Roots are formed from nutrients stored in the cutting, not from soil or water nutrients. If you fertilize too early, tiny, fragile roots will likely get burned by the fertilizer. Besides, most fertilizers need to be digested by bacteria before the fig cutting can absorb them. We can establish a few rules for different growing situations by knowing how this process works.
To simplify, if cuttings are rooted in the water, you can fertilize them soon after planting in the soil. I like to monitor their growth to give them as much time to grow from nutrients in cuttings before fertilizing them. When I notice the growth is slowing down, it’s time to fertilize.

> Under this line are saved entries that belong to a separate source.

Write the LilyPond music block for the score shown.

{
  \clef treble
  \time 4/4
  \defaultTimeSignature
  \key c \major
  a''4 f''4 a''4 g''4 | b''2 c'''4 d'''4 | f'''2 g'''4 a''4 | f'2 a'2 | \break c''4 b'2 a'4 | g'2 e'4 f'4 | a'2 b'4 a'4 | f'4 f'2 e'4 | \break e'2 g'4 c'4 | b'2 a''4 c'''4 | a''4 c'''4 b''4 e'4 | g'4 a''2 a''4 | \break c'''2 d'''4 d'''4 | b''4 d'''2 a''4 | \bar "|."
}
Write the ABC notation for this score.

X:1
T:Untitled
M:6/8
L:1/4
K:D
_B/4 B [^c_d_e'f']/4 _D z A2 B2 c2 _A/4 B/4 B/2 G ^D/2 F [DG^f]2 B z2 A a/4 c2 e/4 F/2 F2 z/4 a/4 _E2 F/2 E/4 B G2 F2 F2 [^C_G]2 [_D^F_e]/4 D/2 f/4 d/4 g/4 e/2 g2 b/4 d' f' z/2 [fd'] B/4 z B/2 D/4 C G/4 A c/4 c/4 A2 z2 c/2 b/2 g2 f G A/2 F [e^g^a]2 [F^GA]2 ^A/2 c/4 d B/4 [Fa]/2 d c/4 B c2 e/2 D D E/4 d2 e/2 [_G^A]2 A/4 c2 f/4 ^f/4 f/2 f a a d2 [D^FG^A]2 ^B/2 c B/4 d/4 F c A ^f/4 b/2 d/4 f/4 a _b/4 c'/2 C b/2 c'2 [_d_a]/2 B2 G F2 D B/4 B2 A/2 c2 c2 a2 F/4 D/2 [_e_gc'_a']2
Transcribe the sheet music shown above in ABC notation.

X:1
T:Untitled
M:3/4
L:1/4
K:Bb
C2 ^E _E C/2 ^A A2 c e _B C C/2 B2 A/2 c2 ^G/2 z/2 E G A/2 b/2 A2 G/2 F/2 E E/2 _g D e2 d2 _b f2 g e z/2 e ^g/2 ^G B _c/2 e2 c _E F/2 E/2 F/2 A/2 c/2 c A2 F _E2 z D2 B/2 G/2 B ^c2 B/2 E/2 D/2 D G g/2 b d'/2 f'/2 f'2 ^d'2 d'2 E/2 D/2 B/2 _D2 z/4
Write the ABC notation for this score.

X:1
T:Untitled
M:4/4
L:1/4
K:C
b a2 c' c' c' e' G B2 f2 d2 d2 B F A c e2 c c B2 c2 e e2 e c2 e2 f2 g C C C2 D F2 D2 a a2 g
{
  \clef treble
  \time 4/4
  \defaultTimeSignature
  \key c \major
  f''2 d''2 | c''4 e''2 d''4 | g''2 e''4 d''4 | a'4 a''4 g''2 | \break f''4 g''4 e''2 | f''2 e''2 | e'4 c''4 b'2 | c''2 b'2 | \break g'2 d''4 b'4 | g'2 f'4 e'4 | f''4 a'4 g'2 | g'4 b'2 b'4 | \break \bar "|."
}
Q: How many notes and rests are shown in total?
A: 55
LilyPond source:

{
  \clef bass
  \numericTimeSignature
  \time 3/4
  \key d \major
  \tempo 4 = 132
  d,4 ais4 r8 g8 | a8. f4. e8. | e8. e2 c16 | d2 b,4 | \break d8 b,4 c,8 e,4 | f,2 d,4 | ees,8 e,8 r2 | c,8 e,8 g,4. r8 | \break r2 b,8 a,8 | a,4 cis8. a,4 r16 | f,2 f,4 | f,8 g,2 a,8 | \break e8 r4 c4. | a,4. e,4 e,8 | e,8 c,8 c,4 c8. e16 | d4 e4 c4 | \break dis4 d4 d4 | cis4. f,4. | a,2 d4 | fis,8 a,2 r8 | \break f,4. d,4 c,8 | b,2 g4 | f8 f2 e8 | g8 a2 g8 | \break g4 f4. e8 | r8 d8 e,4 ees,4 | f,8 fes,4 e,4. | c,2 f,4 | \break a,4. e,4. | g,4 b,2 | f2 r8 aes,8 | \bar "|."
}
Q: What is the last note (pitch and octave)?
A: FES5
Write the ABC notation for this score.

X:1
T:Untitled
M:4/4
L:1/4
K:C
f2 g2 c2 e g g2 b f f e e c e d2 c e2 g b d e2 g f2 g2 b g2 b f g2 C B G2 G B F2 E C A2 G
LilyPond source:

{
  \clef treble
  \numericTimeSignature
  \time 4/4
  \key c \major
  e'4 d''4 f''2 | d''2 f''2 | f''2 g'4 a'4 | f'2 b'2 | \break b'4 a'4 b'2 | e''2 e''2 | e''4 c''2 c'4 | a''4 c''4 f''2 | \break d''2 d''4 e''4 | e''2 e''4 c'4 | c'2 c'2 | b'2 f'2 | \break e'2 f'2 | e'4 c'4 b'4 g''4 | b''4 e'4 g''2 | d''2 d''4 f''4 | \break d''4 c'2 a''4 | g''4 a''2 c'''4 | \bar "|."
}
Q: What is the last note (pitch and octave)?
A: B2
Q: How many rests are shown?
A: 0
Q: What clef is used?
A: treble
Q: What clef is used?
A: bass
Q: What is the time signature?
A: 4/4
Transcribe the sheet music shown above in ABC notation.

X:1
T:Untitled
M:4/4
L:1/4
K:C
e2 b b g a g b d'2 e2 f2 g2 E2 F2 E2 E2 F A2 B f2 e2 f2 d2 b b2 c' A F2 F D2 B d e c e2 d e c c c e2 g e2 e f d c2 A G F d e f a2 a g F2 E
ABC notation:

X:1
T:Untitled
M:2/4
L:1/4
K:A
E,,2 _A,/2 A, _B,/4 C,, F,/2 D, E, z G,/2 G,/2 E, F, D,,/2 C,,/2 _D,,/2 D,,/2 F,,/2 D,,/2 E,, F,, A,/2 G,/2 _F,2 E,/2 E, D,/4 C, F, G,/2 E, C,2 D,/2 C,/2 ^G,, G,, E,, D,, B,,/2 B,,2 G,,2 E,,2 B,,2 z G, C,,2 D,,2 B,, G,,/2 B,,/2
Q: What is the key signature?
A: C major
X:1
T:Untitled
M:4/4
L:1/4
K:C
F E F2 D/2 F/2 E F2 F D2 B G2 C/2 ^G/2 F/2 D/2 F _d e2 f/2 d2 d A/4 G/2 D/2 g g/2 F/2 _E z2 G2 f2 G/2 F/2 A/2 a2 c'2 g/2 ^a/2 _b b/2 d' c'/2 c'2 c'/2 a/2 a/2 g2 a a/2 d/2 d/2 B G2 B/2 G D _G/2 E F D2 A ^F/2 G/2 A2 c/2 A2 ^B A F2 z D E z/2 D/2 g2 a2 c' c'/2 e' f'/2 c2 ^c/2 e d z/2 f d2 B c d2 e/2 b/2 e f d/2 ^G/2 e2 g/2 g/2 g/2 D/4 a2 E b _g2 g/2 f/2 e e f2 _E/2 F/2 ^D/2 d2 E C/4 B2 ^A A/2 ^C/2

If fig cuttings are planted directly in the soil, you must wait 4-8 weeks before fertilizing. Even if they seem dead, you must give them time to develop good-sized roots. Otherwise, the fertilizer will kill them.
If they are planted in-ground, it isn’t easy to know if roots developed or not, and that’s another reason I prefer rooting them in the water.
Choosing a fertilizer is simple. Since the roots system is not developed enough, and the soil might have very few or no soil bacteria, the only option is a soluble fertilizer.
My preferred choice for very young potted fig trees and cuttings is Miracle-Gro Water Soluble All-Purpose Plant Food. It’s a 24-8-16 solution that has more nitrogen than anything else. I find it ideal before the fig starts growing fruit.
When the tree is in its 4th year, and I know I can start getting a decent amount of figs, I will switch to a fertilizer with more phosphate. You can switch earlier if you want the fruit, but you may sacrifice a lot in the long run. It also depends on the climate and growing conditions, so you should understand how the tree will grow in your area.
The one I used the most is Miracle-Gro Water Soluble Bloom Booster Flower Food. The solution is 10-52-10 that has more phosphate than most other fertilizers.
Most flower fertilizers will work because they are phosphate-based. Besides, fig fruit is actually an inverted flower.